Quando entrou no barracão, Bridget deixou escapar um suspiro de aprovação. Era um sítio velho e não parecia particularmente sólido, mas havia palha apoiada numa das paredes e uma cama na outra. Alguns candeeiros pendiam de pregos na parede e havia uma chaleira num fogão, algumas chávenas meio partidas, uma caixa com saquetas de chá e várias toalhas. Ao lado, ferramentas agrícolas, para cavalos, mantas e selas.

E, felizmente, também havia uma lareira de ferro, cheia de papéis e lenha.

– Meu Deus! – exclamou Adam. – Nestas circunstâncias, podíamos dizer que isto é o Hilton. Bridget sorriu, mas depressa perdeu o sorriso.

– Mas as crianças...

– Fizemos o que pudemos – interrompeu-a. – E é um milagre que não nos tenhamos afogado. Pensa que estão bem, que conseguiram sair do carro.

– Talvez haja uma estrada por aqui e possamos procurar ajuda.

– Eu pensei o mesmo. Sabes onde podemos estar?

– Não.

– Eu também não. Na verdade, estou completamente desorientado. Se sairmos daqui agora, podemos perder-nos ainda mais, mas de dia teremos um ponto de referência. Além disso, as equipas de emergência têm procurar pessoas depois de uma tempestade tão violenta. Mas, para o caso de haver uma casa por perto, vou dar uma olhadela.

– Eu vou contigo.

– Não, fica. Tens uma entorse? Dói-te alguma coisa?

– Não, não me parece. Só alguns arranhões e hematomas.

– Viste um tanque ao lado do barracão? Um tanque de água da chuva?

– Não.

– Está ali e cheio de água. Quando me for embora, tira a roupa e põe-na debaixo da torneira, para lavares a lama e o sangue. Isso far-te-á bem. Espera, vou acender a lareira, pois assim poderás aquecer-te quando voltares.

– Mas...

– Nada de «mas», é uma ordem – interrompeu-a.

– Mas não tenho nada para vestir!

– Tens, sim – Adam apontou para umas mantas de cavalo. – Podes embrulhar-te nas mantas.

Adam acendeu a lareira e os candeeiros de parafina antes de sair.

– Tem cuidado – avisou Bridget. – Não gosto de ficar sozinha aqui e também não quero que te aconteça nada.
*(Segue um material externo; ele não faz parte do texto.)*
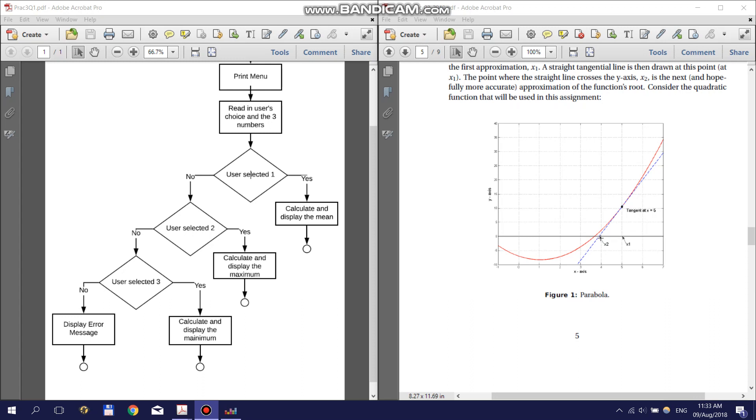You then use your new guess's x value and draw a tangent to the function at that x value and use the new tangent's x intercept to update your guess. You repeat this until the value is acceptably close to the x intercept.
A sério.

Ele inclinou a cabeça para disfarçar um sorriso.

– Não te preocupes, não irei muito longe. Não só porque não quero perder-me, mas porque não quero que acabe a pilha da lanterna. Vejo-te depois.

Bridget olhou para ele enquanto saía do barracão e teve de conter o desejo de ir atrás dele. Conteve-se, porque sabia que não conseguiria segui-lo.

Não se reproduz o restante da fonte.